In vorige artikelen op ProRun hebben we uitgelegd dat je de snelste tijd loopt met het hoogste vermogen dat je gedurende de duur van de wedstrijd gelijkmatig vol kunt houden. Welk vermogen dat is, kun je afleiden van je ADV, oftewel je Anaerobe Drempel Vermogen (je ADV, in Watt/kg). We hebben dit eerder in een artikel op ProRun uitgelegd.
In de praktijk heb je natuurlijk dikwijls snelheidsvariaties, zowel in de training (bij intervaltraining) als in de wedstrijd (tussentijdse versnellingen en bij de eindsprint). Wat is nu de invloed van variaties en wat is de beste strategie als je in een wedstrijd een zo goed mogelijke tijd wilt lopen?
We leggen dat in dit artikel uit aan de hand van begrippen die bij wielrennen al heel bekend zijn. Als je met een hardloopvermogensmeter loopt, berekent TrainingsPeaks de waarden voor de begrippen die hier behandeld worden. Aangezien ook Garmin heeft aangekondigd met een hardloopvermogensmeter te komen, vermoeden wij dat deze waarden dan ook in Garmin Connect te zien zullen zijn en je hiervoor niet meer in de wielrenmodus hoeft hard te lopen om deze waarden te zien.
Variaties uitdrukken in het genormaliseerde vermogen
Zoals iedereen wel aanvoelt, kost het in de praktijk altijd extra energie als de snelheid niet constant is. Dit hangt natuurlijk samen met het feit dat je voor hogere snelheid (veel) meer vermogen moet leveren. Dit kost meer energie dan je bespaart bij een lagere snelheid.
We kunnen dit aspect berekenen via het genormaliseerde vermogen Pn. Dit begrip komt dus uit het wielrennen en geeft aan hoeveel zwaarder variaties zijn. Het genormaliseerde vermogen is met een ingewikkelde formule gedefinieerd als de vierde machtswortel van de som van de tijdgemiddelde vermogens tot de vierde macht.
We hebben deze formule en het genormaliseerde vermogen eens uitgewerkt in een voorbeeld voor een intervaltraining van onze Marathon Man. Hij loopt hierbij gedurende 1 uur steeds afwisselend 6 minuten rustig in een tempo van 10 km/h en 5 minuten snel in een tempo van 16 km/h. Hij begint in rustig tempo en eindigt in rustig tempo. In de tabel hebben we deze vermogens en het gemiddelde vermogen Pgem en het genormaliseerde vermogen Pn weergegeven. Je ziet dat Pn altijd duidelijk groter is dan Pgem. In dit voorbeeld is de verhouding 1,08. Hier zie je al dat variaties altijd meer moeite en vermogen kosten dan het onderhouden van een gelijkmatige snelheid.
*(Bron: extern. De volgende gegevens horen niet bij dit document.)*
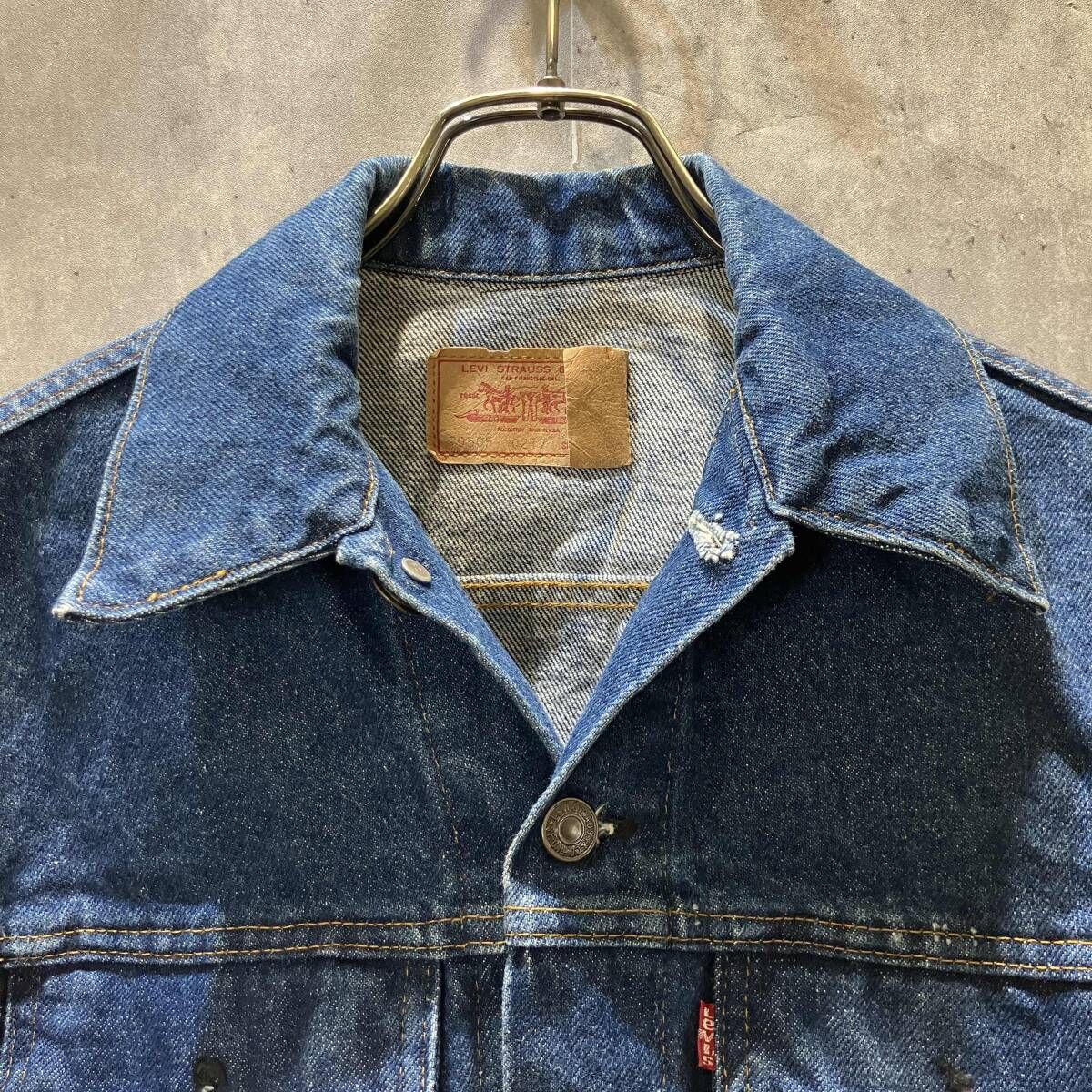 90s USA製 Levi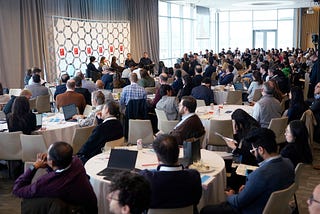 AI Leaders Dive Into the Business Implications of AI at MIT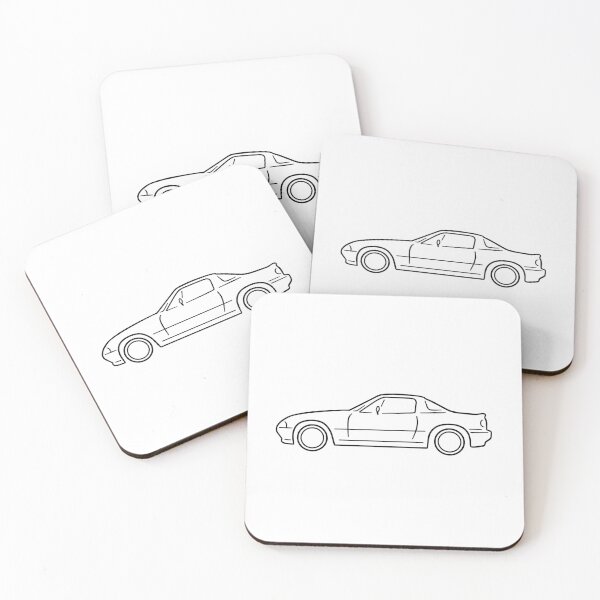 Item preview, Mazda Miata designed and sold by AutoClub.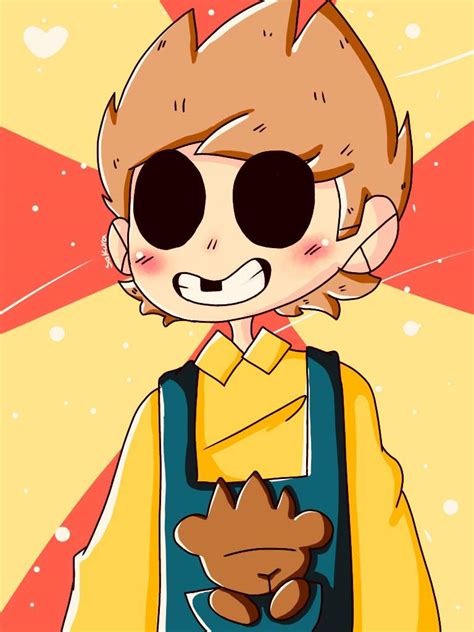 Child Tom •| | 🌎Eddsworld🌎 Amino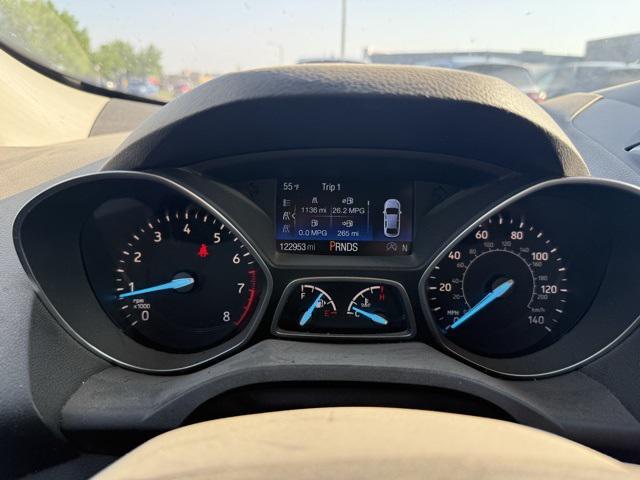 used 2018 Ford Escape car, priced at $13,000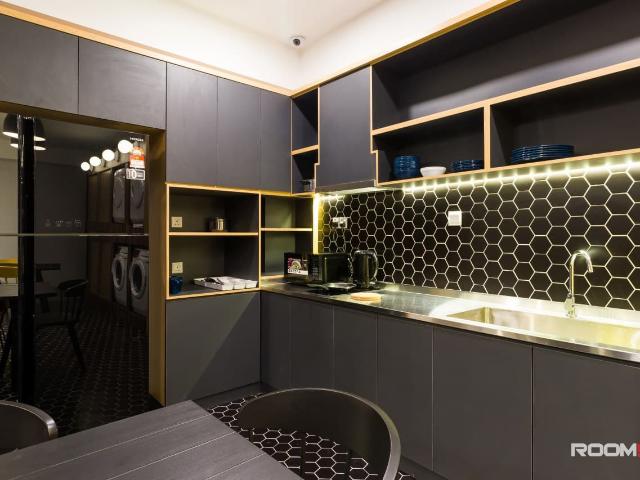 Apartment for rent in Country Heights Damansara, Kuala Lumpur
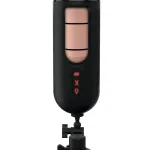 Pdx Elite Vibrating Mega Milker Festival & Rave Pipedream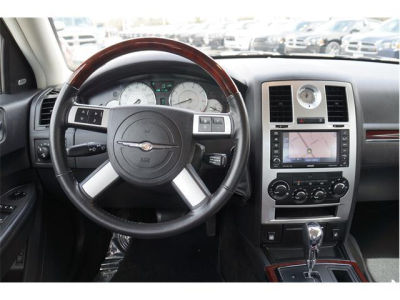 2008 Chrysler 300C  Base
Intensiteit uitdrukken in genormaliseerde intensiteit In
We weten dat het belangrijk is om in je trainingsschema ook sessie op een hoog niveau en met een hoge intensiteit op te nemen. We kunnen het begrip intensiteit het beste uitdrukken door het genormaliseerde vermogen te vergelijken met de ADV.
In het eenvoudige voorbeeld dat je een hele training constant op het niveau van je ADV loopt, is de intensiteit dus 1. In de tabel zie je het verloop van de In als functie van het percentage van de ADV en de verhouding van het genormaliseerde vermogen en het gemiddelde vermogen. Een intensiteit van 1 of meer komt overeen met een zeer zware training of wedstrijd.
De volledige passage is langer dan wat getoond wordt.